Animal Crossing in Banff | Photo credit: Susan Hagood

Corridors & Crossings: Advancing Connectivity Conservation

Across the globe, the movement of species and the flow of ecological processes are being interrupted by human development. Natural areas are losing vital connections once used by wildlife to migrate, disperse, mate, feed, and thrive. This ongoing fragmentation is leaving nature susceptible to a wide range of maladies including habitat destruction, species extinction, and loss of critical ecosystem functions. To protect these vital interconnections, the Center for Large Landscape Conservation (CLLC) fosters networks of communities and institutions to identify the threats to ecological connectivity and prioritize science, policy, and management actions across terrestrial, freshwater, and marine environments. Specifically, CLLC’s Corridors & Crossings Program is accelerating large-scale conservation across North America and internationally.

The program’s primary focus is on the protection of wildlife corridors, reducing species mortality and barriers to movement, and responding to the growing excitement and demand for integrative solutions that deliver both large-scale and site-specific measures.

Corridors & Crossings in North America works across federal, tribal, state/provincial, and private lands and waters to maintain and enhance links between protected areas and other high-quality habitats across the continent. To achieve this aim, it works collaboratively with partners on the following objectives:

  • Advance policy frameworks that systematically improve habitat connections and reduce wildlife-vehicle collisions;
  • Expand the network of partners to champion the protection of corridors and next generation of wildlife crossing structures;
  • Deliver innovative avoidance and mitigation strategies and wildlife crossing designs to inspire future projects and plans; and
  • Promote sustainable funding streams, including public-private partnerships, to leverage resources to pay for protecting wildlife movement.

Through ongoing and new initiatives, activities in North America over the last year have included:

  • Working with the Blackfeet Nation to develop the first-ever Reservation-wide Animal-Vehicle Collision Reduction Master Plan to address conflicts between animals and vehicles moving within and across the Blackfeet Nation.
  • Publication of a “Toolbox” for state legislators interested in addressing habitat connectivity issues in their states entitled: Wildlife Connectivity: Opportunities for State Legislation.

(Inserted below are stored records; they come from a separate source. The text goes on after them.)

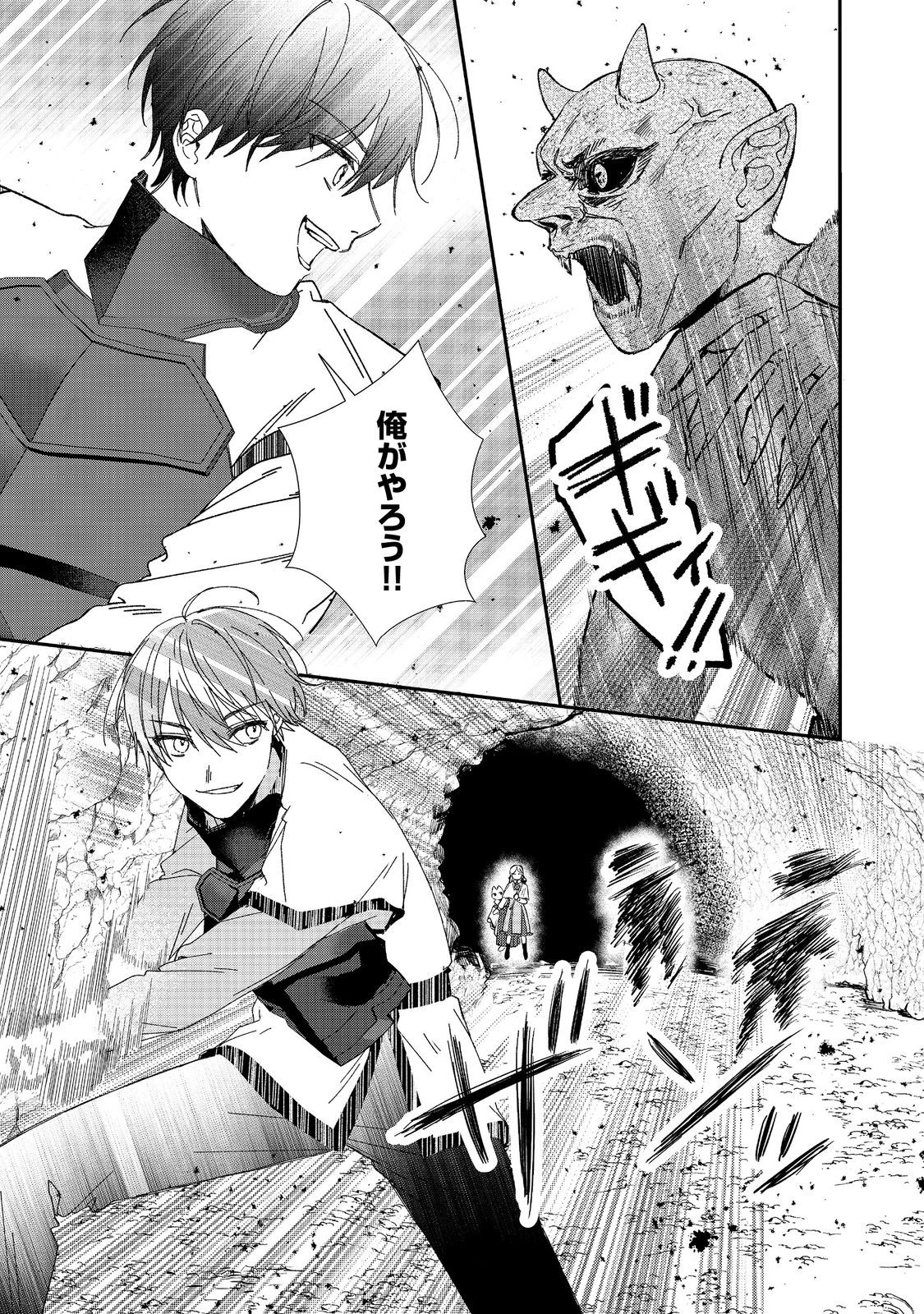 お狐様にお願い!～廃村に残ってた神様がファンタジー化した現代社会に放り込まれたら最強だった～@COMIC 第3話 - 9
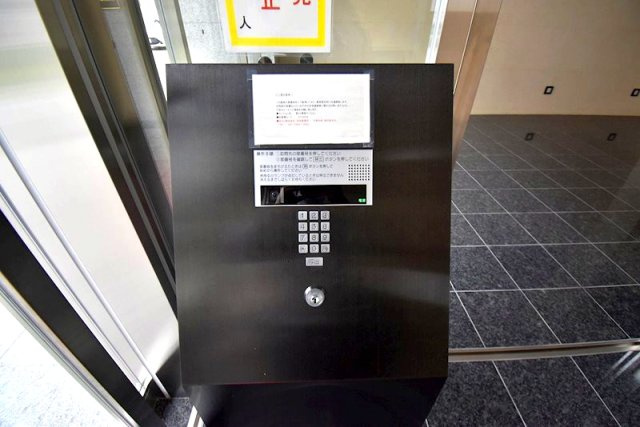 【その他共用部分】第22関根マンション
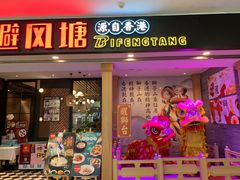 门面-避风塘(宝山万达店)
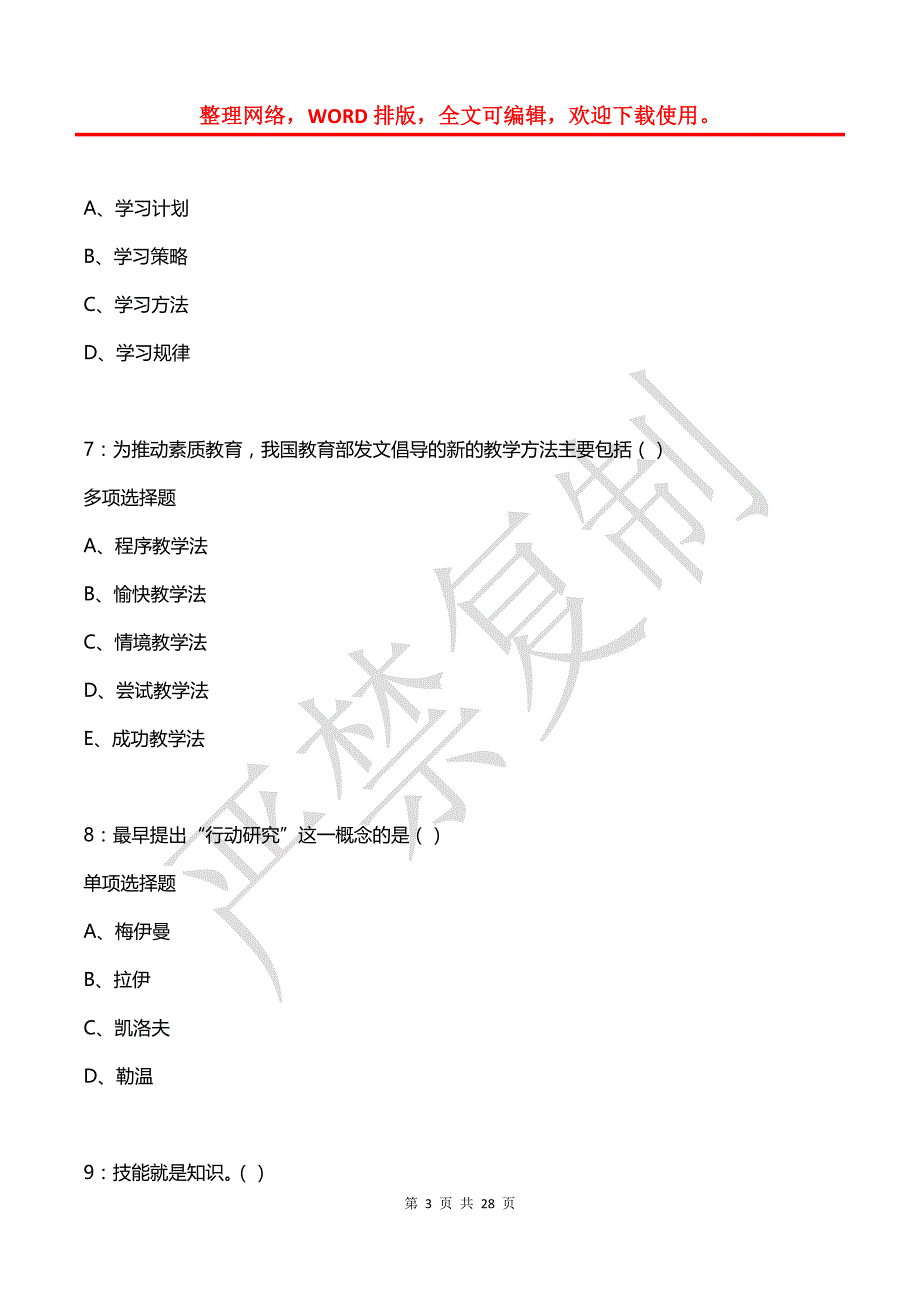 南岳2018年中学教师招聘考试真题及答案解析_第3页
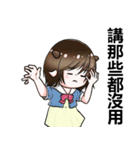 94288（個別スタンプ：4）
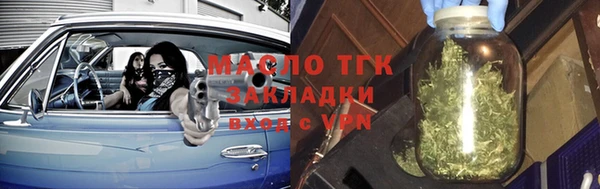 кокс Михайлов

Providing support, technical expertise, and language for the introduction of the National Wildlife Corridors Act, as well as state legislative efforts to protect wildlife corridors (including the New Mexico Corridor Bill which was signed into law in 2019).

Corridors & Crossings works internationally to achieve standard practices around the world that avoid and reduce impacts of linear transportation infrastructure – roads, railways, and canals – on wildlife and ecological corridors. Objectives include:

  • Mobilize road, railway and canal ecologists, conservationists, planners, engineers, researchers, financial institutions and others to further proactive solutions that maximize ecological connectivity at multiple stages of linear transportation infrastructure development;
  • Speak to the growing threats that linear infrastructure development poses to the environment, promote avoidance as the first and most favorable option, and guide deployment of best practices, expertise, and technical capacity;
  • Focus global resources and multi-sectoral cooperation toward mainstreaming the conservation of biodiversity and ecological corridors into linear transportation development;

Internationally, interest in and concern over the predicted addition of millions of kilometers of new transportation infrastructure continues to grow. Many organizations and individuals around the globe are now devoting considerable time and resources to mitigating the effect of this infrastructure on wildlife and biodiversity.

Some of the upcoming meetings on this issue are listed in the Forthcoming Meetings section of the latest WellBeing News. Recent developments involving CLLC are listed below.

  • The Transport Working Group of the Connectivity Conservation Specialist Group under the IUCN World Commission on Protected Areas is formulating a Global Guidance for Connectivity Conservation Impacted by Linear Transportation Infrastructure due to be published in 2020.
  • The first meeting of the Asian Elephant Transport Working Group convened in Kuala Lumpur, Malaysia on 8 April to explore and start delivering avoidance and mitigation strategies for protecting elephants and their movement corridors across all 13 range states.

A report (reviewed in this newsletter) onTransportation Infrastructure Investments and Consequences for Wildlife: A Review of Sub-SaharanAfrica was published to coincide with the 1st African Conference for Linear Infrastructure and Ecology held at Kruger National Park during March 2019.